-- Opening Marker --

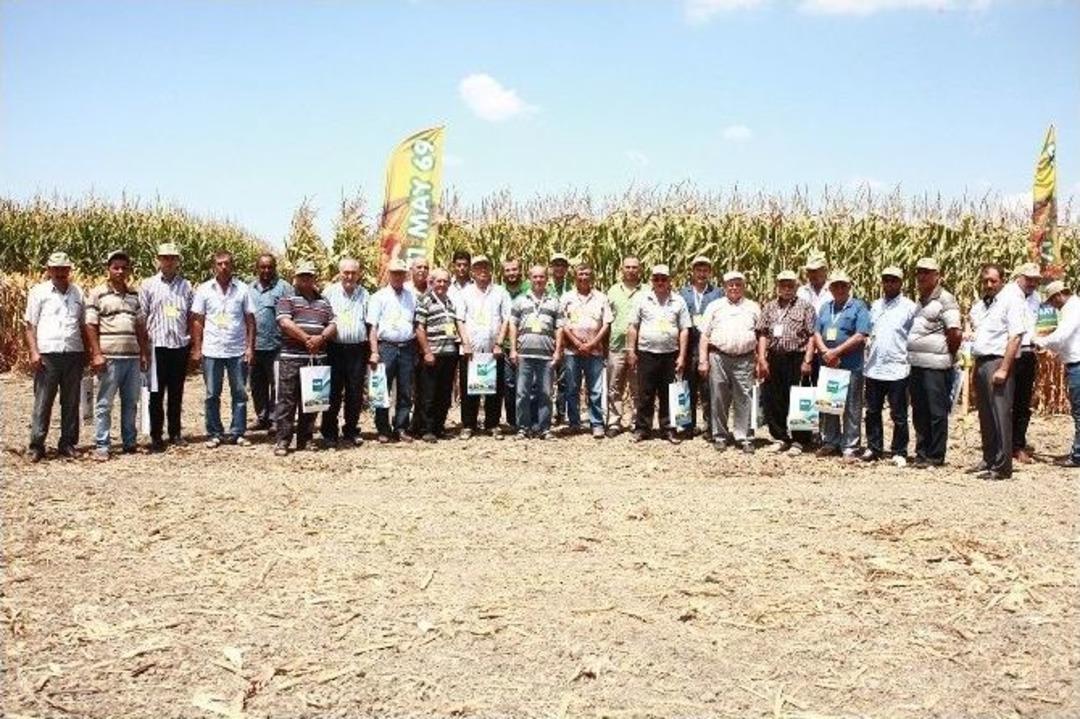 &Ccedil;ift&ccedil;iler May Bereket Şenliğinde Buluştu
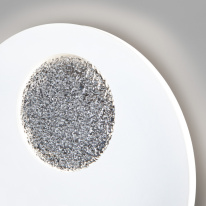 Цена на Бра Elektrostandard 40150/1 LED белый/хром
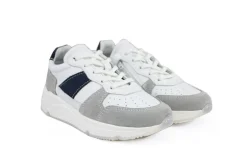 Sneakers^GIGA Sneaker Plaster Velvet Optic White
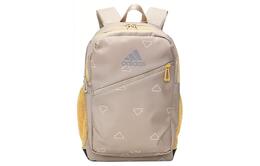 Adidas Тканевый рюкзак средний мужской коричневый и желтый im5274 | brown & yellow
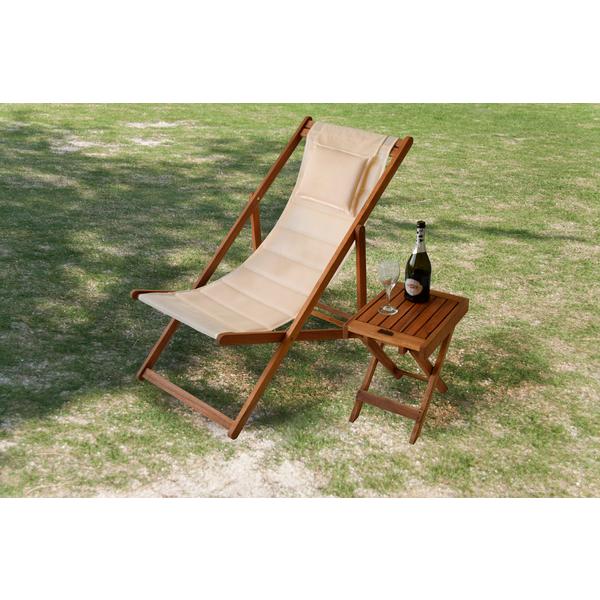 東谷 折りたたみ椅子 デッキチェア フォールディングチェアー木製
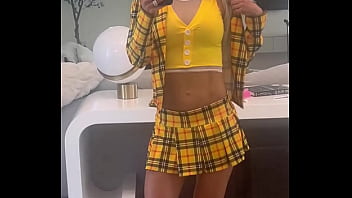 I like to dress up to get slutted out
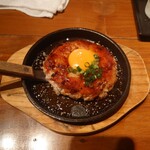 へちもん - コリコリ鉄板つくね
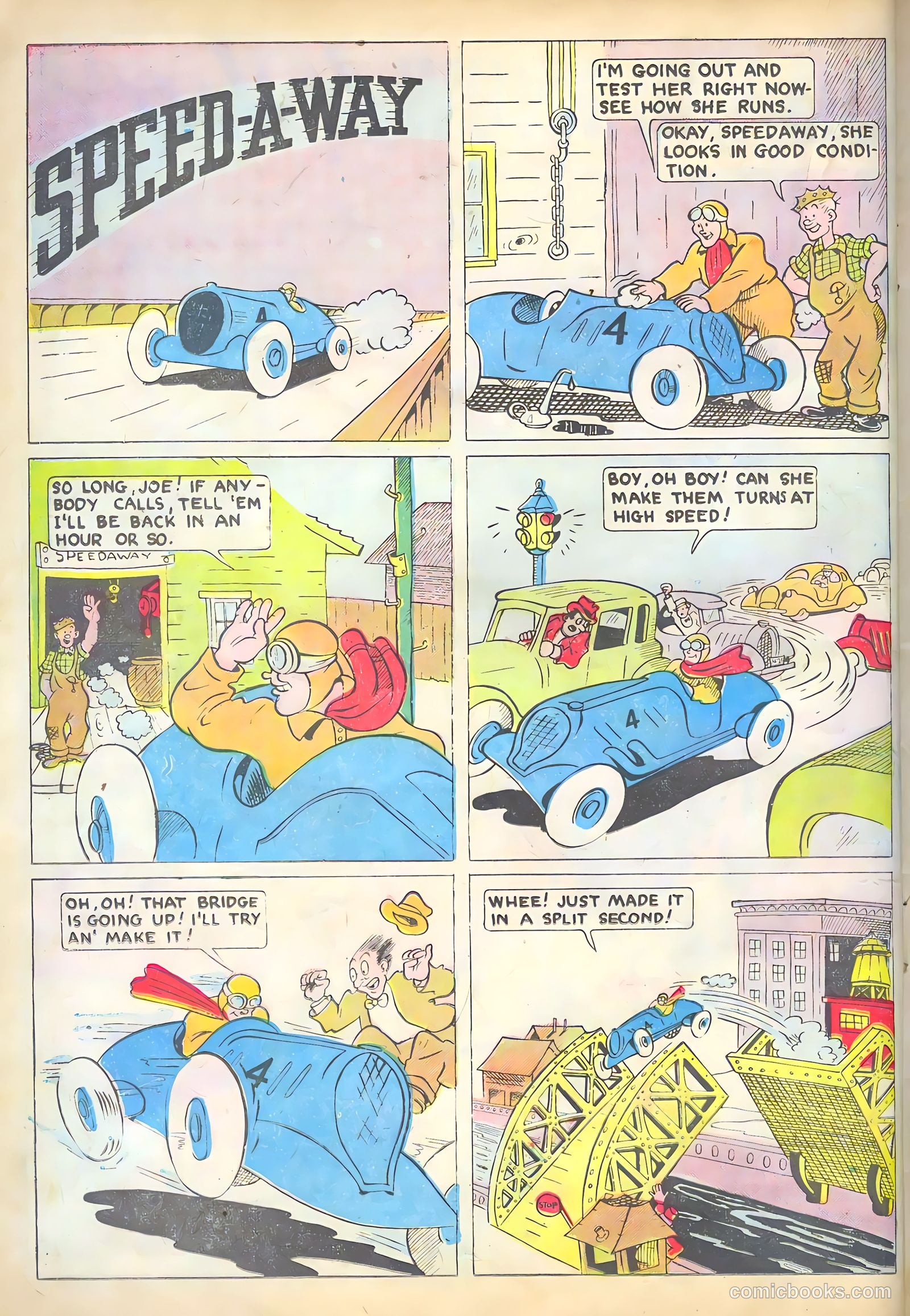 Funny Pages #2 — page 24 of 60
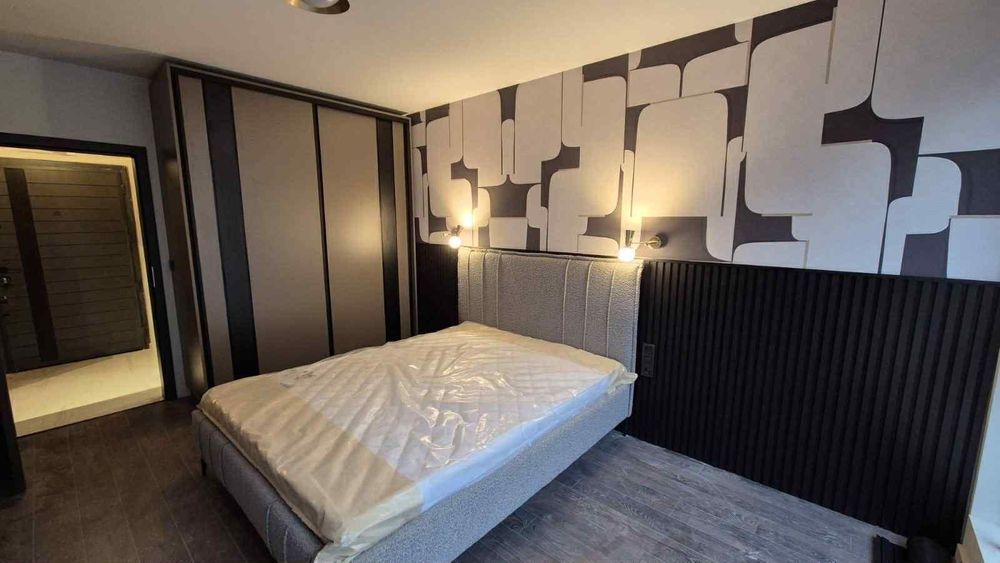 Дава се под наем Двустаен апартамент в София, Зона Б-18 - 56 кв.м за 846.6 € - Снимка #3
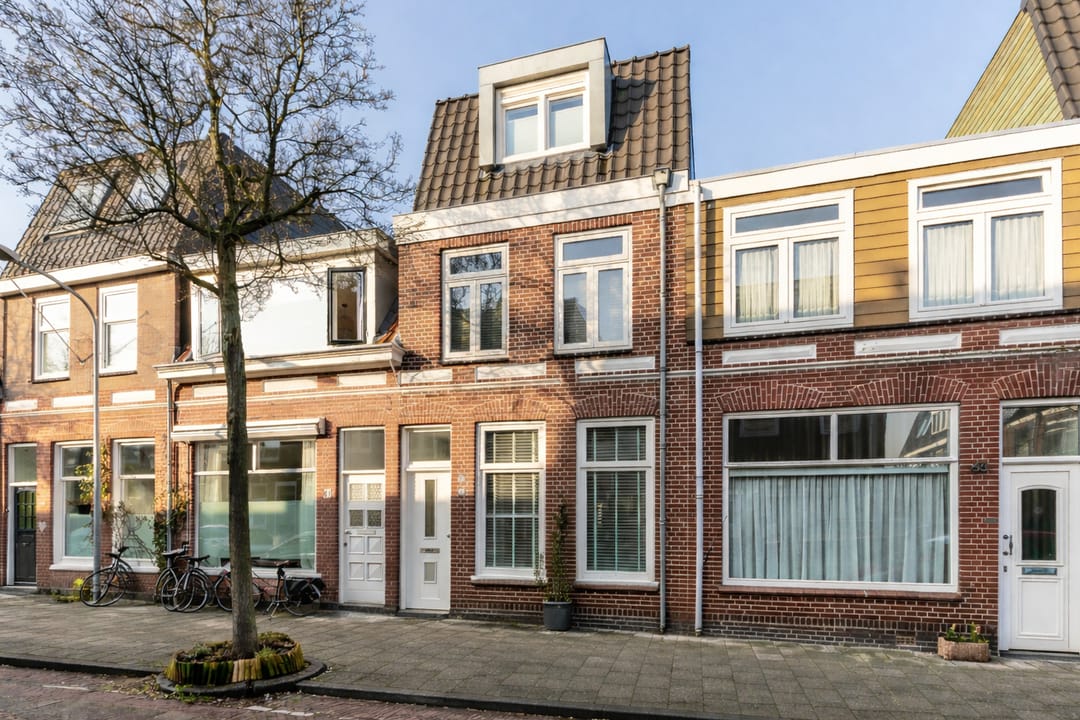 Foto 1 van Scheepersstraat 63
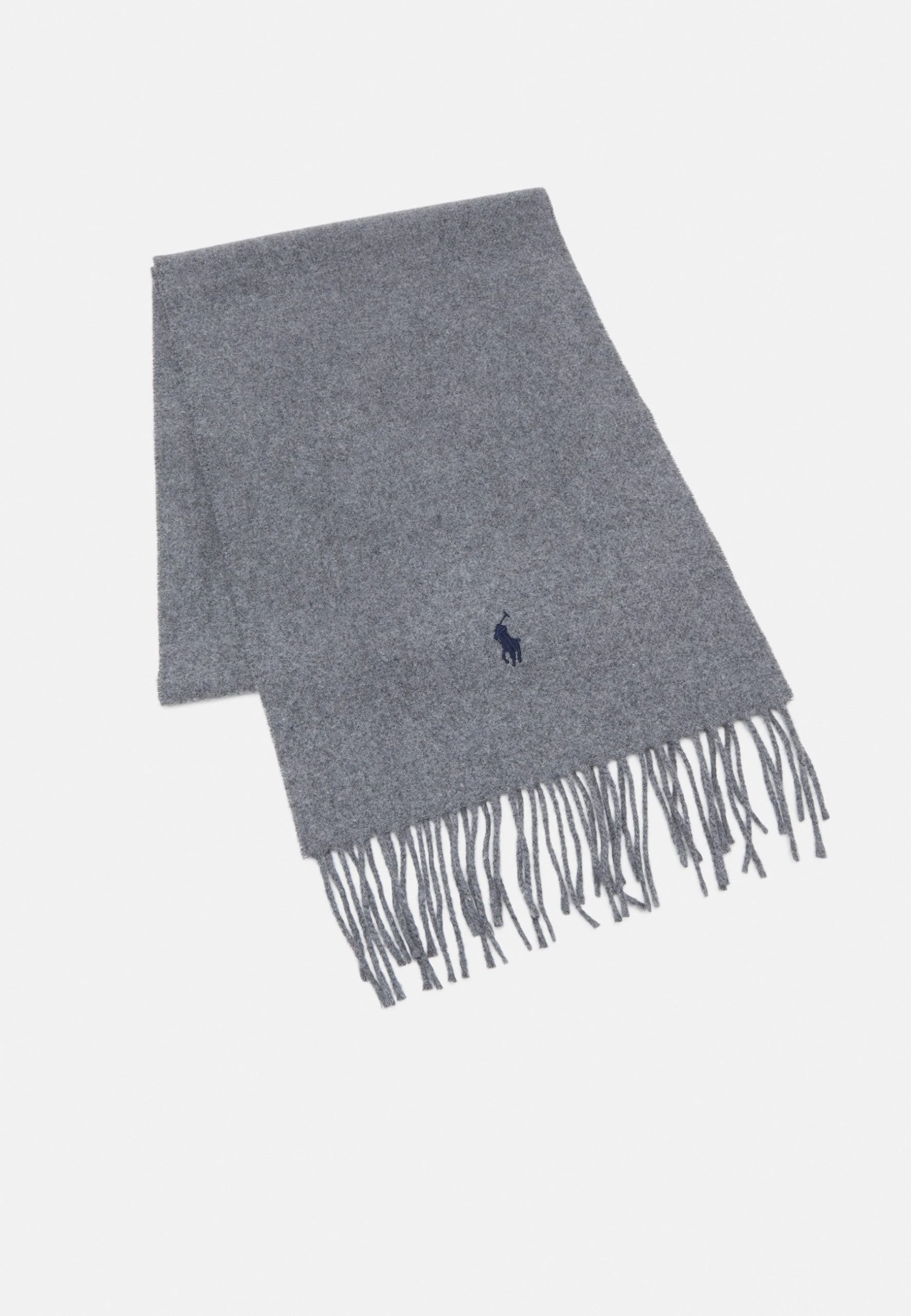 Polo Ralph Lauren SCARF UNISEX - Chusta - Classic Grey 3 Polo Ralph Lauren SCARF UNISEX - Chusta - Classic Grey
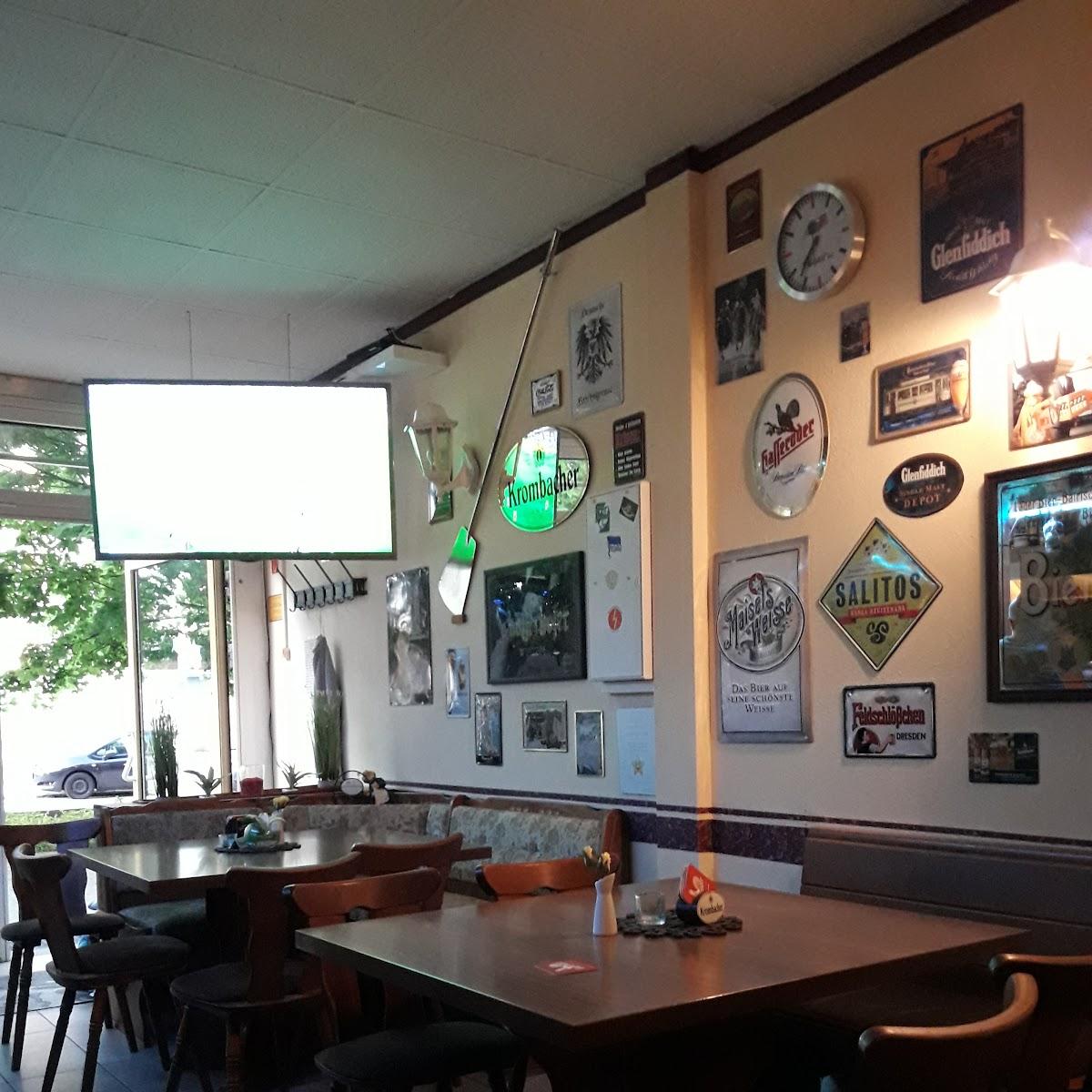 Restaurant "Tschernies Pub" in Eisenhüttenstadt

-- Closing Marker --

→ TASK DIRECTIONS
An exact repeat of all the data is required, pictures excluded.

→ ANSWER FOR THIS EXERCISE
 &Ccedil;ift&ccedil;iler May Bereket Şenliğinde Buluştu
 Цена на Бра Elektrostandard 40150/1 LED белый/хром
 Sneakers^GIGA Sneaker Plaster Velvet Optic White
 Adidas Тканевый рюкзак средний мужской коричневый и желтый im5274 | brown & yellow
 東谷 折りたたみ椅子 デッキチェア フォールディングチェアー木製
 I like to dress up to get slutted out
 へちもん - コリコリ鉄板つくね
 Funny Pages #2 — page 24 of 60
 Дава се под наем Двустаен апартамент в София, Зона Б-18 - 56 кв.м за 846.6 € - Снимка #3
 Foto 1 van Scheepersstraat 63
 Polo Ralph Lauren SCARF UNISEX - Chusta - Classic Grey 3 Polo Ralph Lauren SCARF UNISEX - Chusta - Classic Grey
 Restaurant "Tschernies Pub" in Eisenhüttenstadt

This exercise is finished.